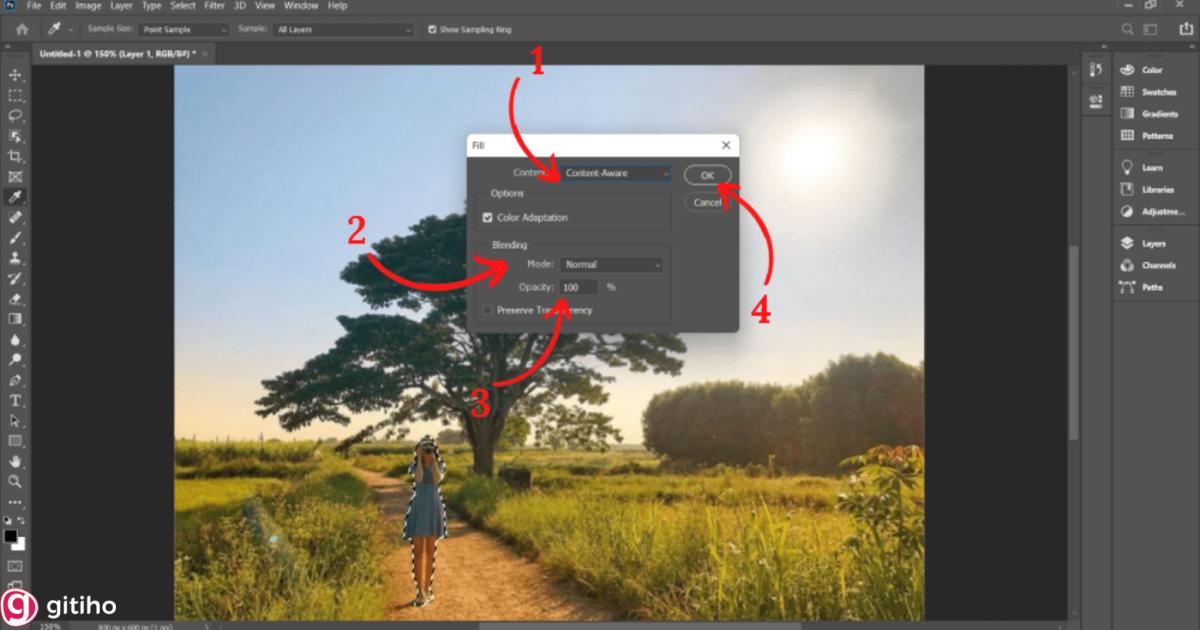 Cách xóa vật thể trong Photoshop với công cụ Content – Aware Fill (3)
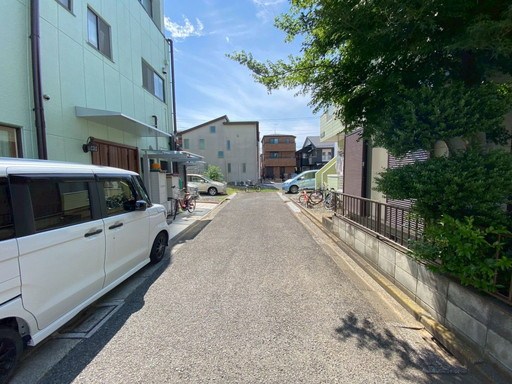 蕨市南町4丁目 売地 現地写真（前面道路含む現地写真）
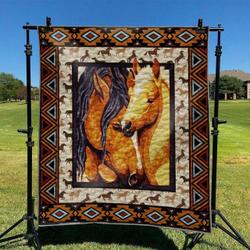 Horse Hur Quilt zq and Home Decor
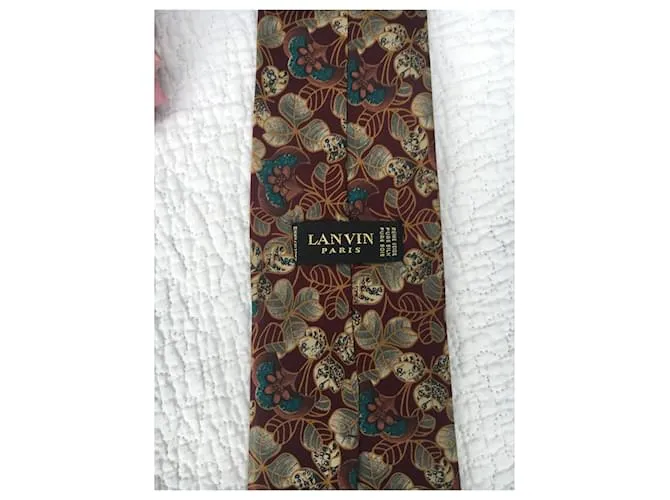 Lanvin Corbatas Multicolor 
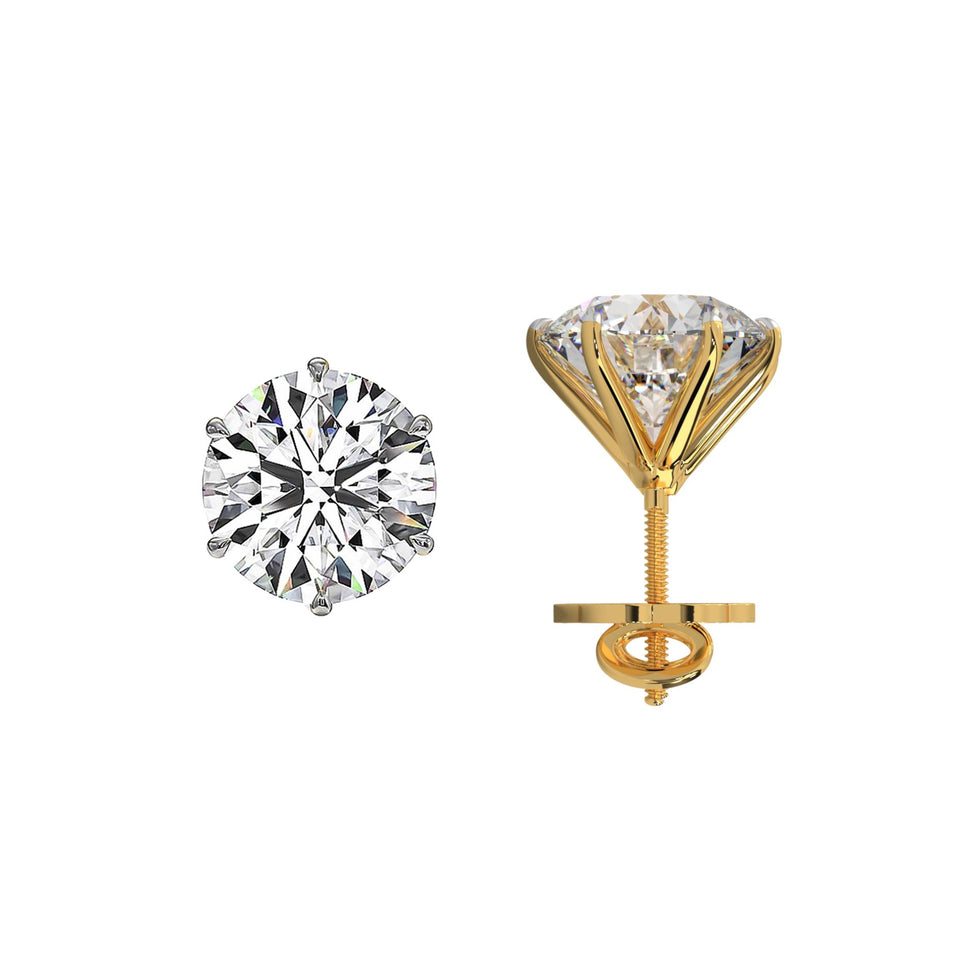 1 carat Solitaire Earstuds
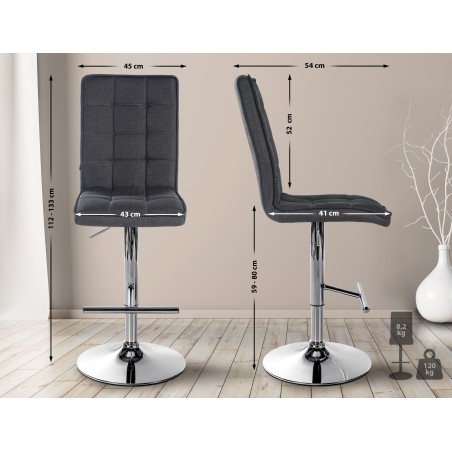 Tabouret de bar Clifford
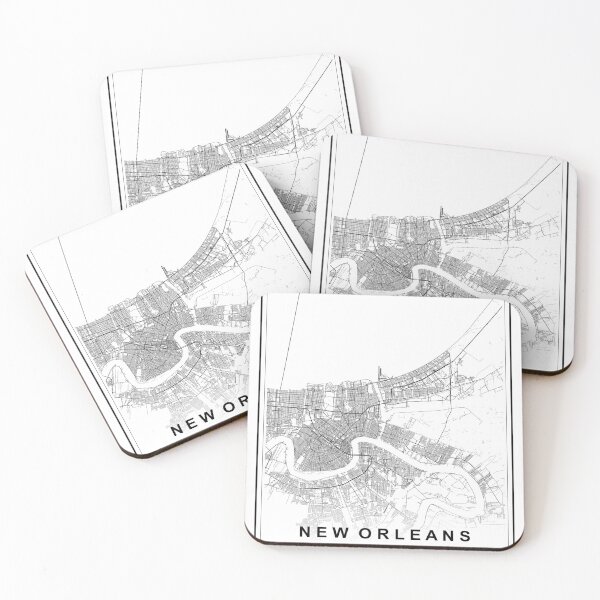 Item preview, New Orleans City Map designed and sold by SHAMPAIN-ART-CO.
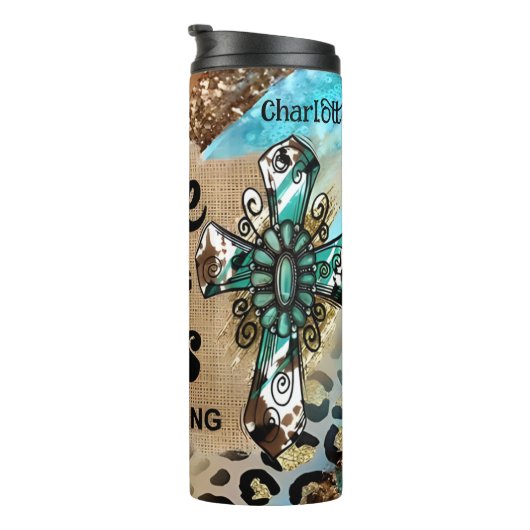 Bouteilles Isothermes Le Café Arrive, Jésus Continue À Aller (Tourné sur la droite)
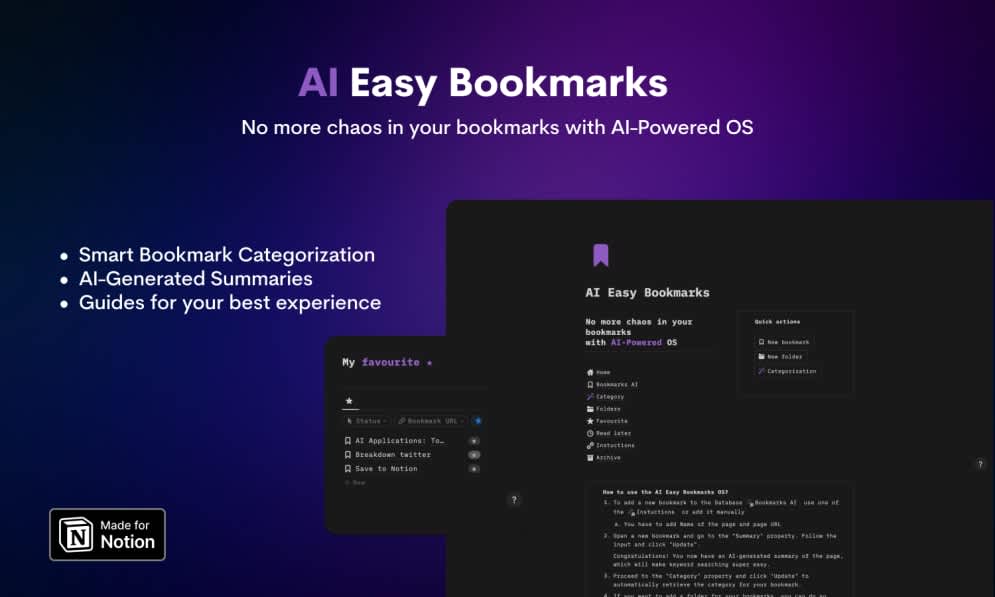 AI Easy Bookmarks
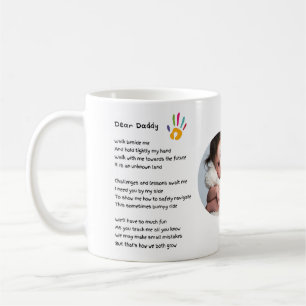 Taza De Café Día del padre papá POEM Sostengo mi regalo de FOTO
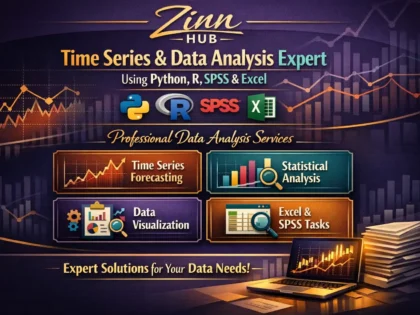 do time series and data analytical tasks using python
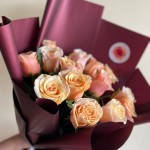 15 белых роз 40 см от интернет-магазина «PREMIUM ROSE»в Актобе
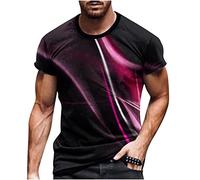 Camiseta de Manga Corta Hombre 3D Estampado Moda Casual Camisa Verano Cuello Redondo T-Shirt Original Fiesta Basic Algodón Deportivos Jogging Gym Tops Cómodo Slim Fit tee Talla Grande 2025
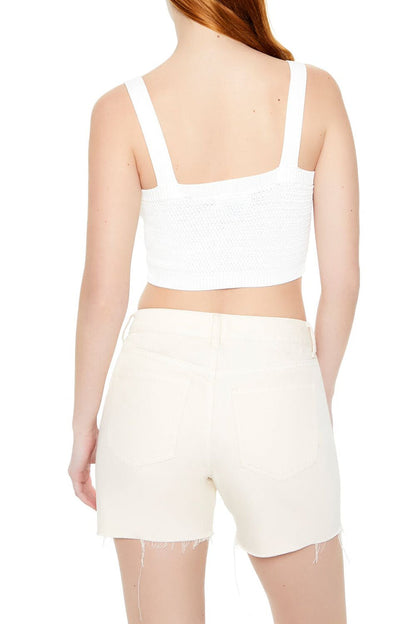 Sweater-Knit Crop Top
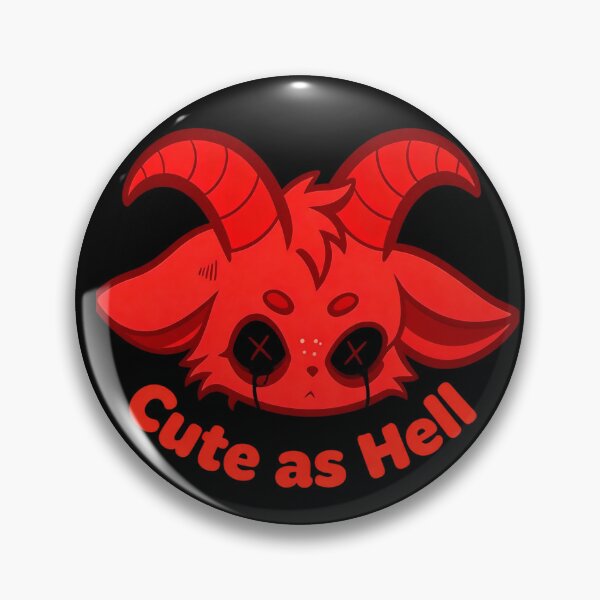 Item preview, Cute as Hell designed and sold by Jen-stuffs.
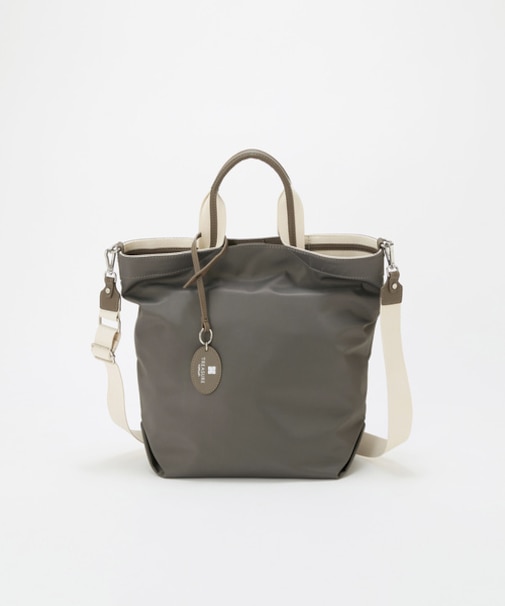 【TREASURE TOPKAPI】ストライプハンドル ナイロン 縦型 2way トートバッグ A4対応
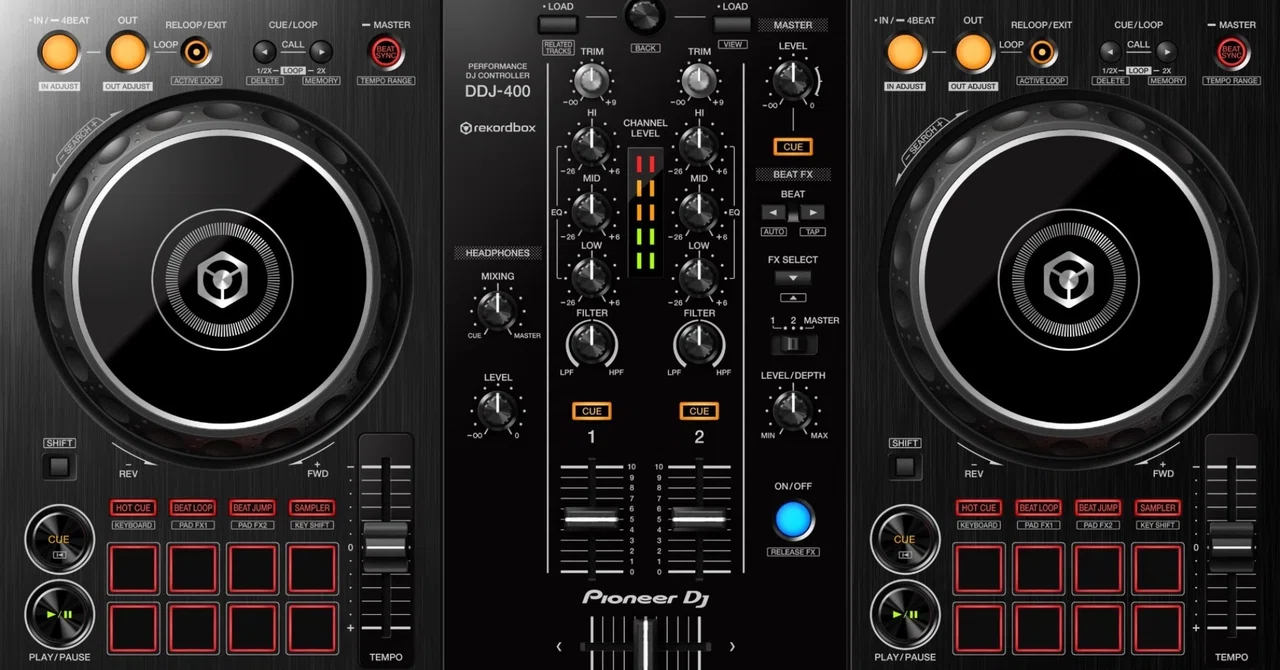DDJ-400】機材についているボタンを片っ端から解説するやつ｜みゅー
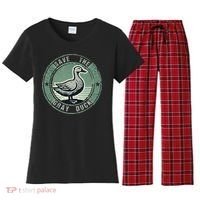 Save The Gray Duck Women's Flannel Pajama Set thumb 0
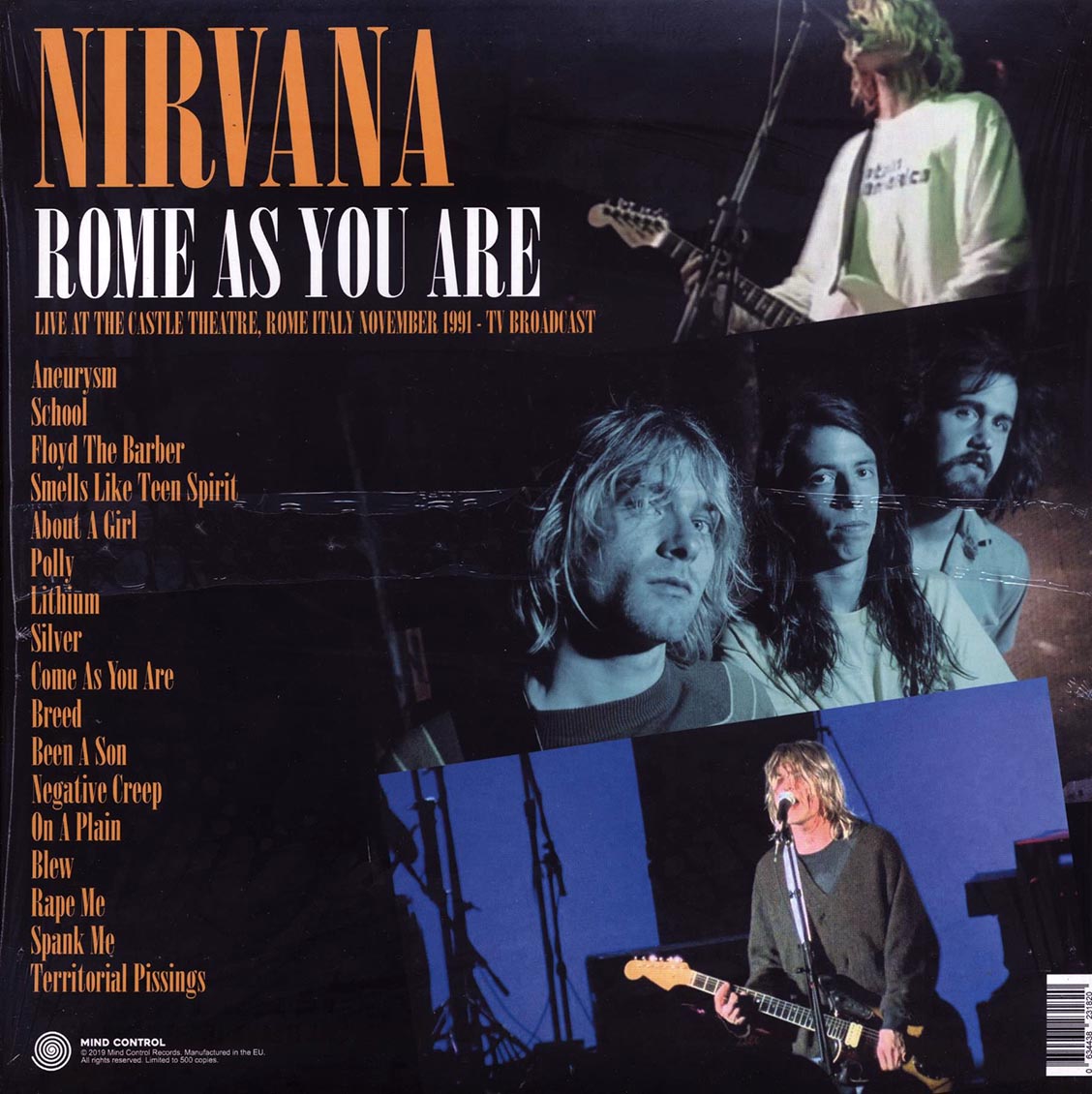 Nirvana - Rome As You Are: Live At The Castle Theatre, Rome, Italy, November 1991 TV Broadcast (ltd. 500 copies made) - Vinyl LP, LP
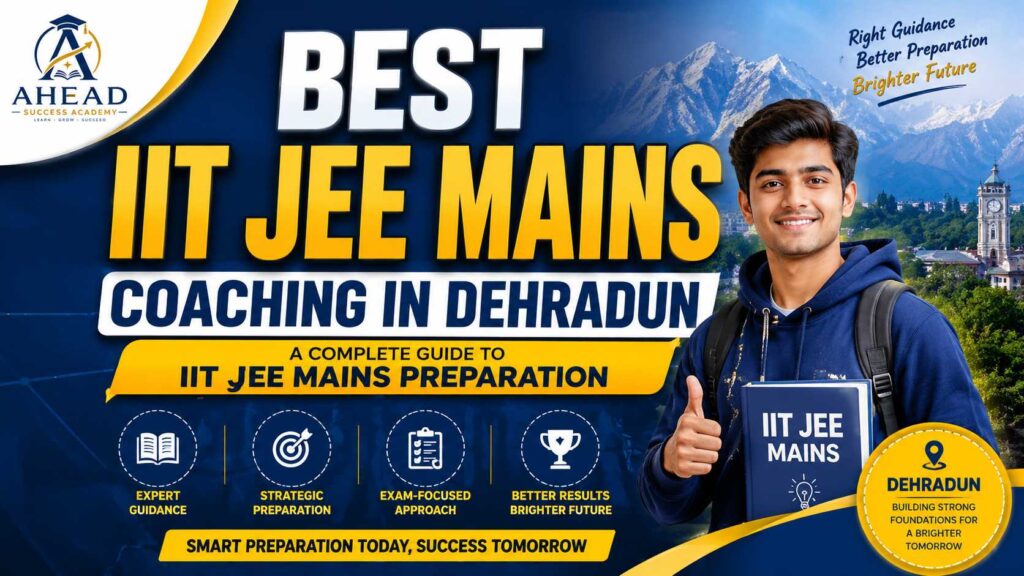 Best IIT JEE Mains Coaching in Dehradun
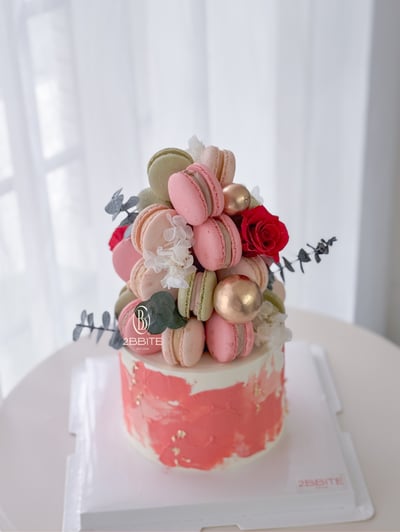 「系列」馬卡龍蛋糕1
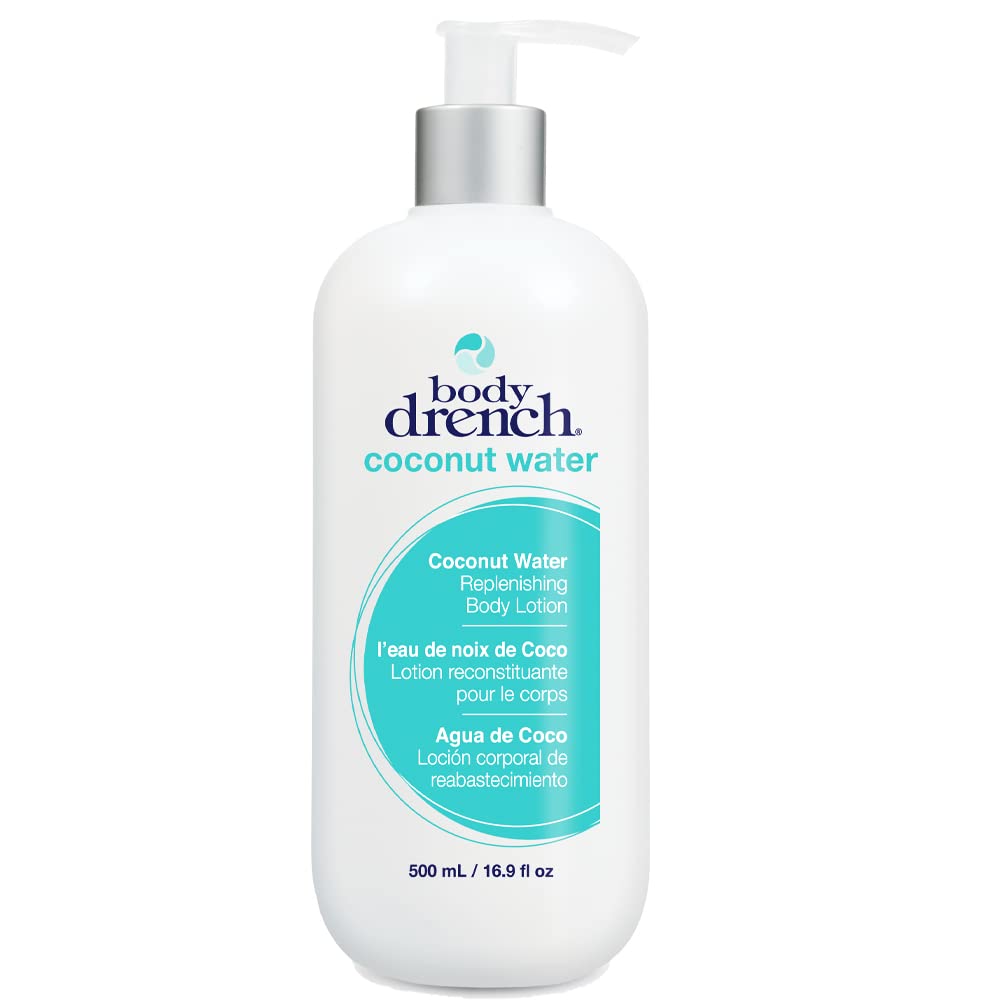 Body Drench Body Lotion for Women, Coconut Water - Hydrating Coconut Lotion for Dry Skin, Moisturizer Skin Care, 16.9 fl oz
+++
• [WORK REQUEST]: Repeat the preceding records precisely, and leave every picture out of the copy.

• [ANSWER TO THE EXERCISE]:
 Cách xóa vật thể trong Photoshop với công cụ Content – Aware Fill (3)
 蕨市南町4丁目 売地 現地写真（前面道路含む現地写真）
 Horse Hur Quilt zq and Home Decor
 Lanvin Corbatas Multicolor 
 1 carat Solitaire Earstuds
 Tabouret de bar Clifford
 Item preview, New Orleans City Map designed and sold by SHAMPAIN-ART-CO.
 Bouteilles Isothermes Le Café Arrive, Jésus Continue À Aller (Tourné sur la droite)
 AI Easy Bookmarks
 Taza De Café Día del padre papá POEM Sostengo mi regalo de FOTO
 do time series and data analytical tasks using python
 15 белых роз 40 см от интернет-магазина «PREMIUM ROSE»в Актобе
 Camiseta de Manga Corta Hombre 3D Estampado Moda Casual Camisa Verano Cuello Redondo T-Shirt Original Fiesta Basic Algodón Deportivos Jogging Gym Tops Cómodo Slim Fit tee Talla Grande 2025
 Sweater-Knit Crop Top
 Item preview, Cute as Hell designed and sold by Jen-stuffs.
 【TREASURE TOPKAPI】ストライプハンドル ナイロン 縦型 2way トートバッグ A4対応
DDJ-400】機材についているボタンを片っ端から解説するやつ｜みゅー
 Save The Gray Duck Women's Flannel Pajama Set thumb 0
 Nirvana - Rome As You Are: Live At The Castle Theatre, Rome, Italy, November 1991 TV Broadcast (ltd. 500 copies made) - Vinyl LP, LP
 Best IIT JEE Mains Coaching in Dehradun
 「系列」馬卡龍蛋糕1
 Body Drench Body Lotion for Women, Coconut Water - Hydrating Coconut Lotion for Dry Skin, Moisturizer Skin Care, 16.9 fl oz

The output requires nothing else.